Most of each slab went unused: 60–80% of KV cache memory wasted to fragmentation and duplication.

PagedAttention splits memory into uniform fixed-size blocks — like an operating system paging memory.

A block table maps each sequence's logical order to whatever physical blocks happen to be free. No block needs to neighbor another.

And shared prompts live once: Copy-on-Write lets many sequences read the same blocks until one diverges.

Naive attention builds the full N×N score matrix and writes it to slow HBM — over 90% of the memory traffic.

But the output never needs the whole matrix at once. It only needs dot products, computed block by block.

FlashAttention tiles Q, K and V into small blocks that fit in tiny, blazing-fast on-chip SRAM.

Each score tile is computed, consumed by an online softmax, and discarded — it never touches HBM.

Only the final output crosses back to HBM. Same math, same FLOPs — the N×N matrix was never born in slow memory.

Standard decode produces one token per step while almost all of the GPU's compute sits idle.

So a small, fast draft model sprints ahead and guesses several tokens in a row — at a fraction of the cost.

The big target model then verifies all those guesses in a single parallel forward pass.

Matching guesses are accepted; the first miss and everything after it are rejected and resampled.

The result: several tokens per step, big-model quality, and a provable zero quality loss.

A 70B model in FP16 is 140 GB — too big for a single GPU. Each weight takes 2 bytes.

Quantization stores each weight in fewer bits: INT8 halves it, INT4 quarters it — no retraining needed.

Smart schemes (GPTQ, AWQ) protect the important weights so quality barely moves, even at 4 bits.

The KV cache compresses too — FP8 keys and values free up memory for more batches or longer context.

Since decode is memory-bound, fewer bytes across the HBM bridge means faster and cheaper inference.

Every pricing page shows three prices: input, cached input, and output. Why three?
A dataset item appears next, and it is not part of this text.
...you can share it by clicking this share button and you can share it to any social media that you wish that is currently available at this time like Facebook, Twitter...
Input is prefill — massively parallel, compute-bound, and cheap per token.

Cached input is a KV-cache hit — no forward pass at all, so it's nearly free.

Output is decode — sequential and memory-bound, so it's the most expensive of the three.
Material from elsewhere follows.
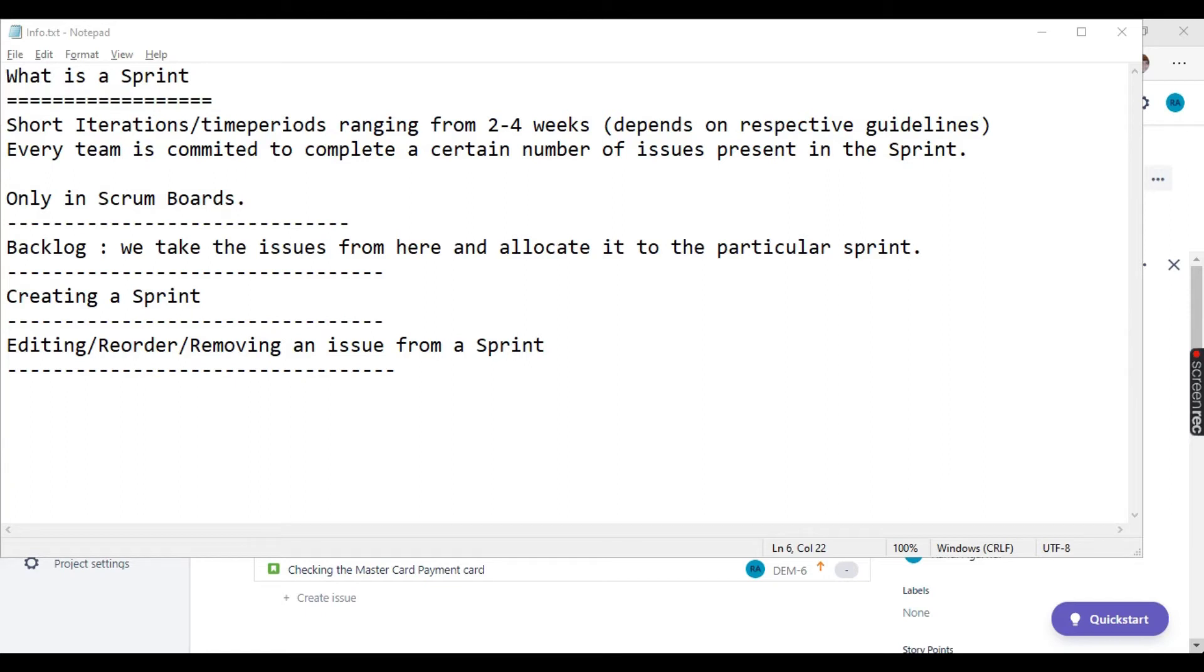Hello everyone. My name is Rahul and welcome to my channel Rahul QA Labs. So in today's tutorial, we will be learning what is a sprint and how to create sprints in Jira.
Price is the physics of the work. Try the calculator: every ratio traces back to silicon.

The answer has finished. Let's retrace the whole journey in one flight.
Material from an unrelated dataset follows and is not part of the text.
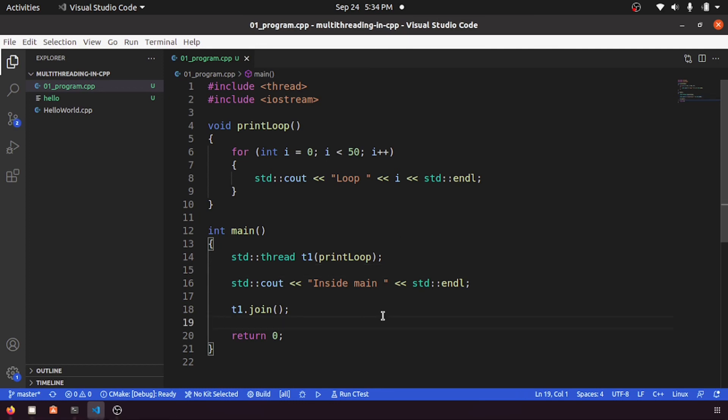In the next video, let's see more things about threading. Okay, then thank you.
Your words became tokens, looped through the model one prediction at a time, and streamed back to your screen.

Underneath it all sat one villain: the memory wall — a GPU starved for data, waiting on its own memory bus.

Every optimization after that is an answer to one of two enemies.

Fight the Memory Wall: batching, paging, FlashAttention, speculative decoding, quantization.

Avoid Recomputation: the KV cache, prompt caching, prefix sharing. Two enemies. Thirteen chapters. One journey.